The Calatagan farmers said that the government’s ban on land conversion is for naught if the policy climate for land conversion still exists. “The ban on land conversion that President GMA announced remains rhetorical until the government reverses unjust policies that encourage and lead to land conversion and land grabbing,” Malaluan said.
“How can the government seriously address the rice shortage when plans to convert agricultural lands as a strategy to evade agrarian reform continue despite the so-called ban? We challenge the GMA administration to be consistent in its declaration.
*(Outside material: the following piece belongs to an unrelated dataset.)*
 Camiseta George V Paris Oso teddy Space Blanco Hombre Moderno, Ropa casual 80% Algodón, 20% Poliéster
A ban is a ban,” Malaluan added.
The farmers, who are agrarian reform beneficiaries of a 507.8 hectare property in Barangay Baha and Barangay Talibayon in Calatagan, Batangas, face eviction from their lands. They have already received Emancipation Patents under Marcos’ land distribution program when the property’s former owner, Ceferino Ascue, illegally sold the already distributed land in 1995 to Asturias Chemical Industries, Inc.
According to Atty.Magistrado Mendoza , in 1997, Asturias entered into a Mineral Production Sharing Agreement (MPSA) with the government and obtained an Environmental Compliance Certificate (ECC) from DENR to conduct mining activities in the area on the basis of a 1965 Bureau of Mines findings that the area is ‘mineralized’. After receiving the MPSA and ECC, Asturias launched an aggressive legal campaign to evict the farmers and reverse the distribution of the property.
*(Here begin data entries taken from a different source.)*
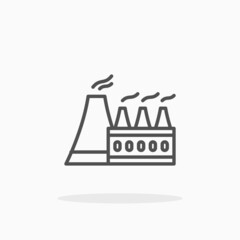 Industry Factory icon. Editable Stroke and pixel perfect. Outline style. Vector illustration. Enjoy this icon for your project.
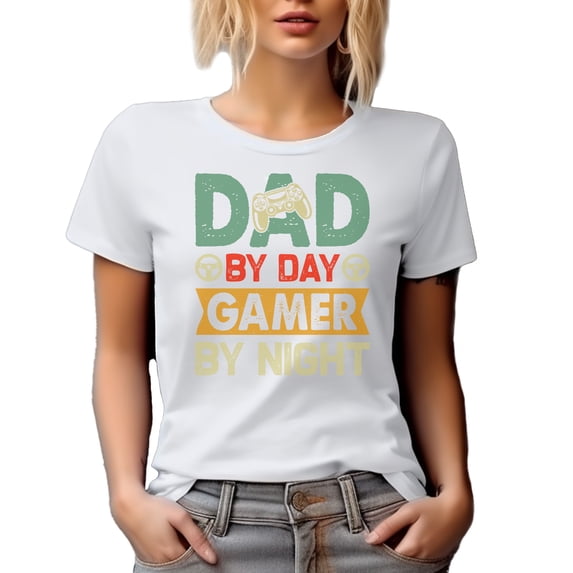 Dad by Day, Gamer by Night with Game Controller, Father's Day, White T-Shirt, 3XL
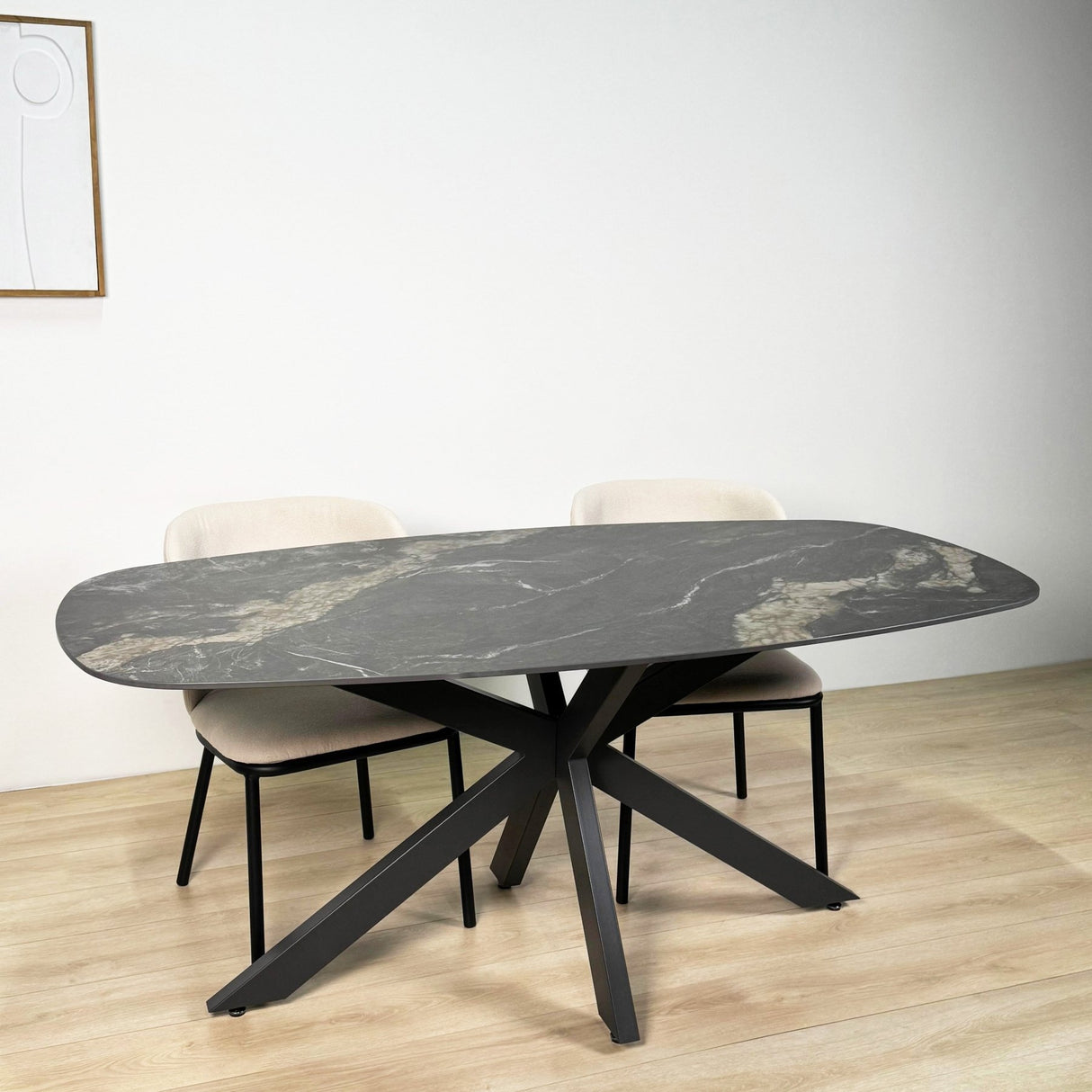 Tavolo da pranzo Dolore 180x90 cm Ovale Danese Effetto Marmo Nero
In several decisions, DAR ruled in favor of Asturias by affirming the company’s claim that, among others, the land was wrongly distributed because it was not predominantly planted with rice and corn, the land tenancy of the farmers was not established, and that the area is indeed mineralized. The case was eventually brought to the Supreme Court, and in 2005, the High Court affirmed DAR’s ruling and declared the sale of the property to Asturias valid.
The Calatagan farmers slammed the unholy collusion between the landowner, the mining firm, and government agencies that willingly exploited gaps in the existing agrarian reform law to grab lands from farmers.
“We are victims of a triumvirate of greed. We tilled the land for more than ten years and we have already paid for it. The land is rightfully and legally ours,” said Zaldy Castrojeres.
The Calatagan farmers would begin their marching noise barrage on April 21, 2008 in Calatagan, Batangas. They are expected to arrive in Manila on April 27 and would continue their march to hold several protest actions in the Senate, DENR, and DAR. The Calatagan farmers would also attend the House of Representatives Committee on Agrarian Reform hearing on HB 1257, or the CARP Extension and Reform Bill, a measure that the farmers support to extend, strengthen and accelerate agrarian reform in the country.